Deprecated. Use the non-mutating API, from_vector.

For internal usage in performance-sensitive spots, see _from_vector_inplace()

Parameters

vector ((n_parameters,) ndarray) – Flattened representation of this object

has_nan_values()

Tests if the vectorized form of the object contains nan values or not. This is particularly useful for objects with unknown values that have been mapped to nan values.

Returns

has_nan_values (bool) – If the vectorized object contains nan values.

classmethod init_from_2d_shear(phi, psi, degrees=True)

Convenience constructor for 2D shear transformations about the origin.

Parameters
  • phi (float) – The angle of shearing in the X direction.

  • psi (float) – The angle of shearing in the Y direction.

  • degrees (bool, optional) – If True phi and psi are interpreted as degrees. If False, phi and psi are interpreted as radians.

Returns

shear_transform (Affine) – A 2D shear transform.

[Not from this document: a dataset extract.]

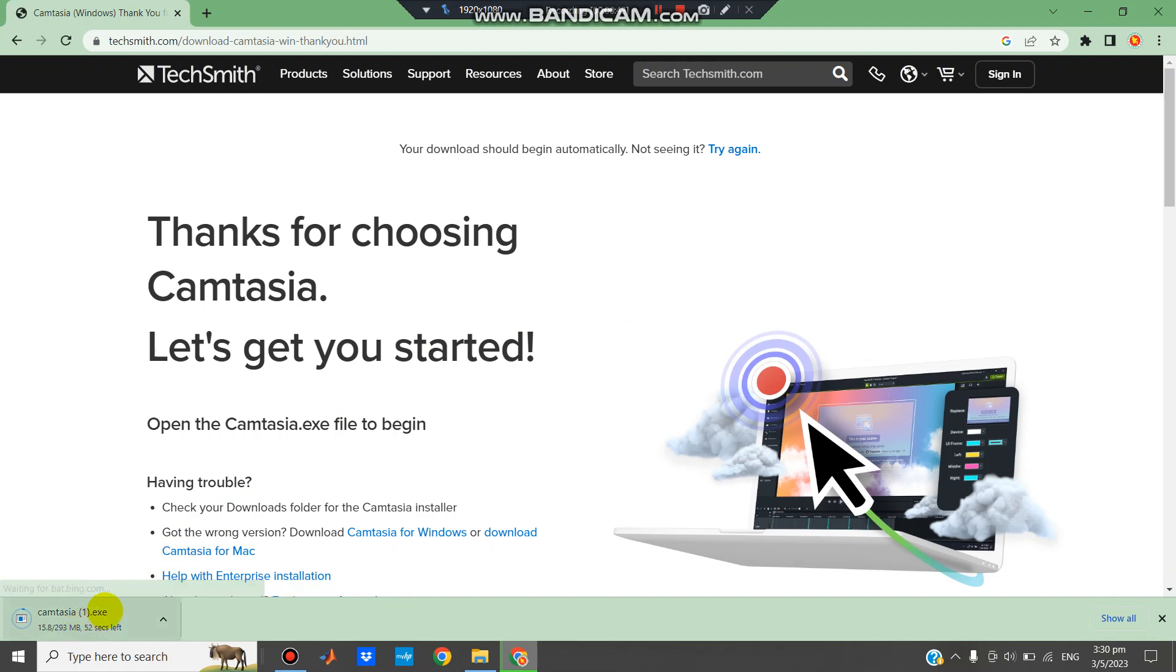Camtasia exe file is downloading. It takes time depending on your PC and internet connection.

classmethod init_identity(n_dims)

Creates an identity matrix Affine transform.

Parameters

n_dims (int) – The number of dimensions.

Returns

identity (Affine) – The identity matrix transform.

pseudoinverse()

The pseudoinverse of the transform - that is, the transform that results from swapping source and target, or more formally, negating the transforms parameters. If the transform has a true inverse this is returned instead.

Returns

transform (type(self)) – The inverse of this transform.

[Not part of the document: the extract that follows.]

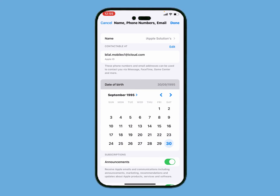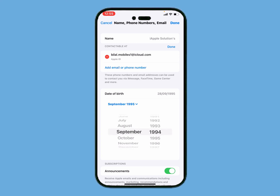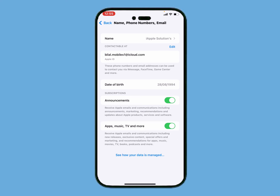You can see it appears on screen. Edit or change the date of birth — for example, 28, 1994, and August. Tap Done. You can see the message appears on screen: Apple ID date of birth changed successfully.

pseudoinverse_vector(vector)

The vectorized pseudoinverse of a provided vector instance. Syntactic sugar for:

self.from_vector(vector).pseudoinverse().as_vector()

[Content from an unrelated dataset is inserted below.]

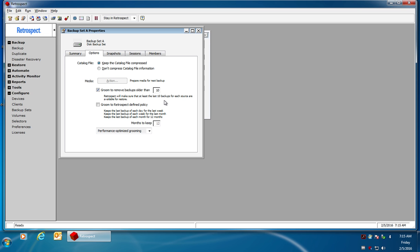I can change that value to 20, and that means when my disk gets filled up, Retrospect is going to delete all the old data except for the last 20 backups for each source. You can change it to 5 or whatever other value you want to use. The other method you have is policy-based grooming.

Can be much faster than the explict call as object creation can be entirely avoided in some cases.

Parameters

vector ((n_parameters,) ndarray) – A vectorized version of self

Returns

pseudoinverse_vector ((n_parameters,) ndarray) – The pseudoinverse of the vector provided

set_h_matrix(value, copy=True, skip_checks=False)

Deprecated Deprecated - do not use this method - you are better off just creating a new transform!

Updates h_matrix, optionally performing sanity checks.

Note that it won’t always be possible to manually specify the h_matrix through this method, specifically if changing the h_matrix could change the nature of the transform. See h_matrix_is_mutable for how you can discover if the h_matrix is allowed to be set for a given class.

Parameters
  • value (ndarray) – The new homogeneous matrix to set.

  • copy (bool, optional) – If False, do not copy the h_matrix. Useful for performance.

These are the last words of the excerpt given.